> _PROMPT_:
Only the lines from the one containing "Stylish Half Moon" to the end of the listing below should be returned, exactly as written and without pictures.
COLLECTED MATERIAL Block Start
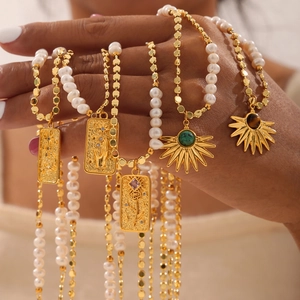 Bohemian gold freshwater pearl necklace set with vintage embossed charms and turquoise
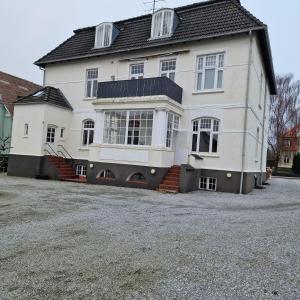 a large white house sitting on top of a driveway at Patriciavilla tæt på centrum in Haderslev
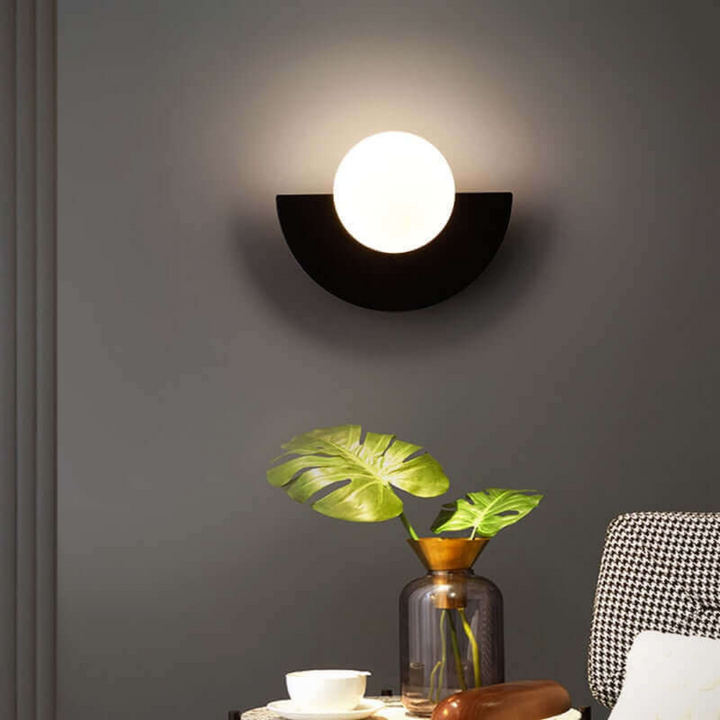 Stylish Half Moon LED Wall Sconce. Modern design perfect for bedroom or living room ambient lighting.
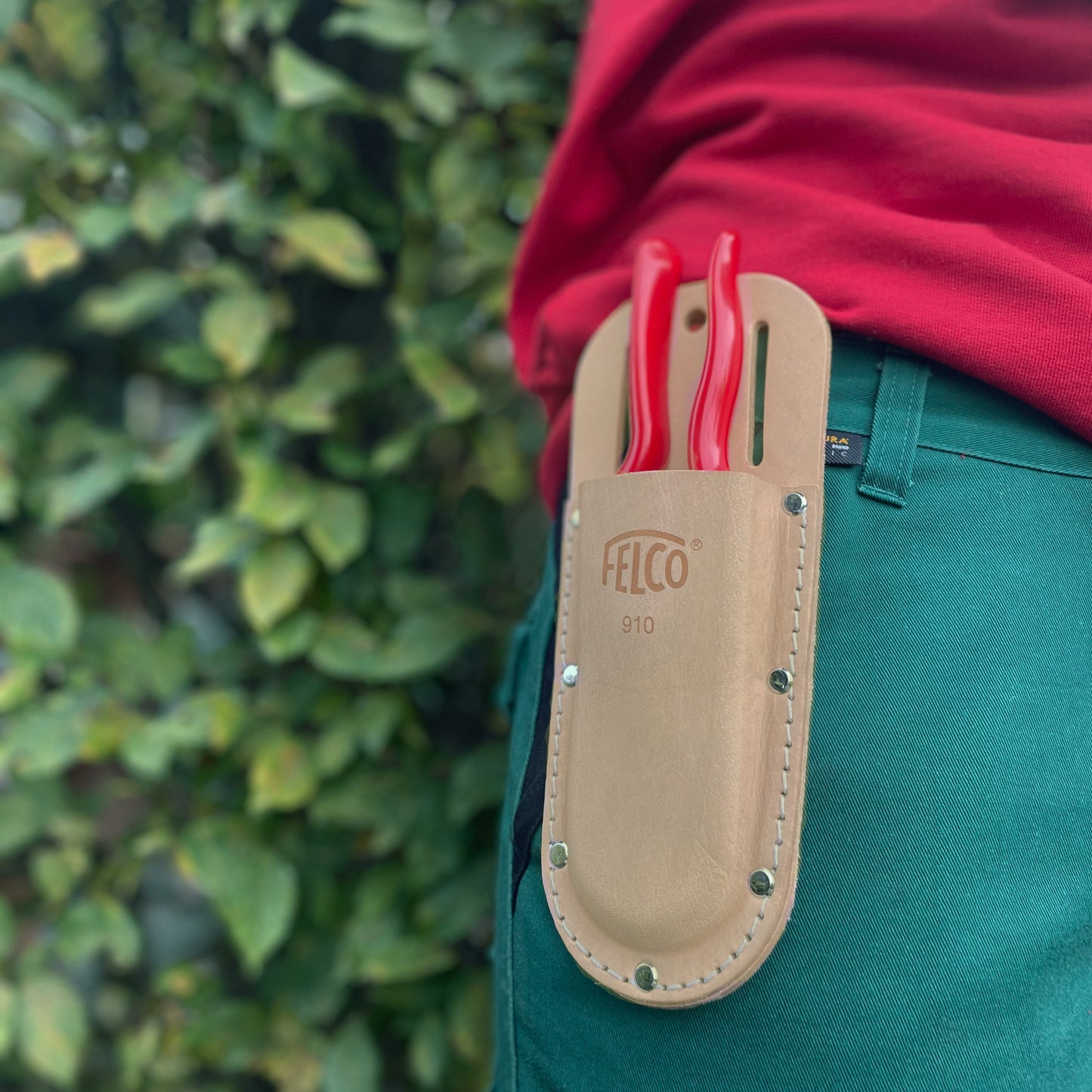 Eine Person in grüner Hose und rotem Hemd trägt ein Felco 910 Echtleder Scherenetui von Felco mit Gartengeräten mit rotem Griff am Gürtel. Im Hintergrund ist unscharfes grünes Laub zu sehen.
COLLECTED MATERIAL Block End
> _EXERCISE RESULT_:
 Stylish Half Moon LED Wall Sconce. Modern design perfect for bedroom or living room ambient lighting.
 Eine Person in grüner Hose und rotem Hemd trägt ein Felco 910 Echtleder Scherenetui von Felco mit Gartengeräten mit rotem Griff am Gürtel. Im Hintergrund ist unscharfes grünes Laub zu sehen.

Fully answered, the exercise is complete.